I recently re-designed how I run, deploy, and generally manage docker-compose services in a way that works really well in my homelab (and, honestly, could probably work for a small company), all based around a tool called komodo and a custom CLI. Here’s what I did.

Background: The gang re-invents the wheel

I have a small home lab that I blog about occasionally. It runs Proxmox with VMs and LXC containers, and the VMs generally run Docker, but there’s the occasional traditional Linux service install (like postgres, which has its own VM).

2025-12_komodo_opener.png

From maintaining docker-compose files…

A likely relatable story for some: I’ve long since maintained docker-compose files in a repository and simply cloned it on the correct VM(s) to deploy services. That works fine.

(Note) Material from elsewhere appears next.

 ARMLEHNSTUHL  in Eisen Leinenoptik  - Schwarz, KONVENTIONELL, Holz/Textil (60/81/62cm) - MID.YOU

Naturally, as services grew over the years, I added dockge to manage some of it.

But it was still hard to keep track, so I’ve added a small yaml file that just lists all services and some metadata (say, a description).

…to inventing dev tooling…

I’ve then added a small CLI application (named Heidrun) that could generate templates for these services from this data, for instance a run.sh file that made sure any external mounts were present.

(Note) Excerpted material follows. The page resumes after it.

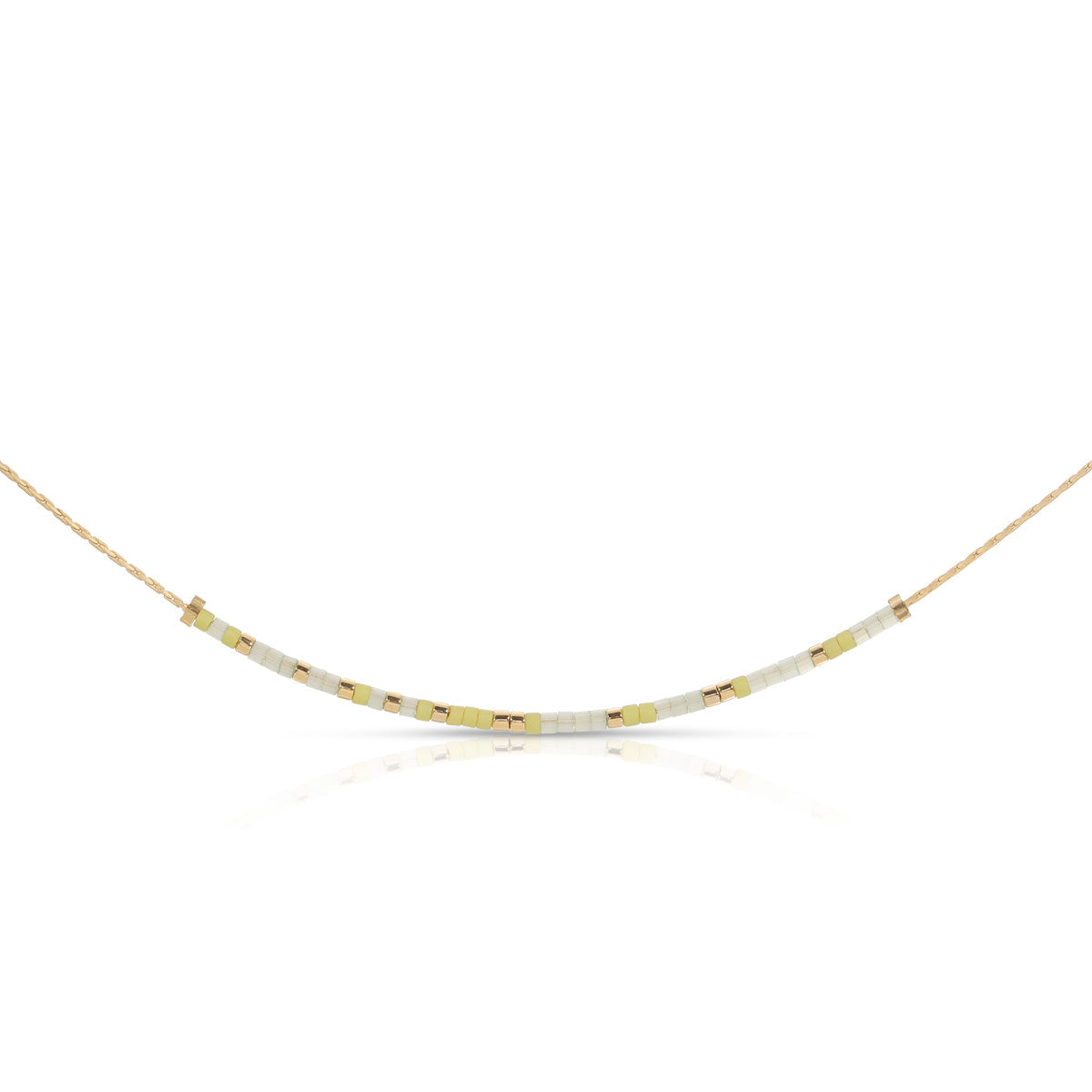 Matte chartreuse green crystal cut necklace with pale gold finish featuring Morse code Romans 12:12 pendant.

But there were still several manual steps involved: A HTTP service would need a DNS entry, and the service would need TLS, which we can provide via traefik. So I added more templates that generate a setup.md that simply told me what to do. It also generated the de-facto documentation for a lot of it. It’s a one-time setup step, so why automate that… right?

But of course, copy-pasting this got old fast, so i added CLI commands to automatically merge these changes into e.g. the traefik config eventually.

By this time, I’ve added a lot more properties:

gitea:
auth:
configured: true
typ: oicd
data:
conf:
chown: true
dirs:
- /opt/gitea/data
mount-nfs: false
description: Self-hosted git server
developer:
github-url: https://github.com/go-gitea/gitea
docker:
env-file: null
file: docker-compose.yaml
hooks: null
is-abandoned: false
nodes:
- hostname: gaia.lan
ip: # ... shortened for your convinience
owner:
gid: #...
service: gitea
service-type: docker-compose
sql: null
traefik:
host: git. # ... this one is funny, since it actually also needs a TCP router which I have, but never modelled in this config
ports:
- 443
use-ngrok: false

NOTE

Worth noting we’re talking about a couple of years of slow evolution here.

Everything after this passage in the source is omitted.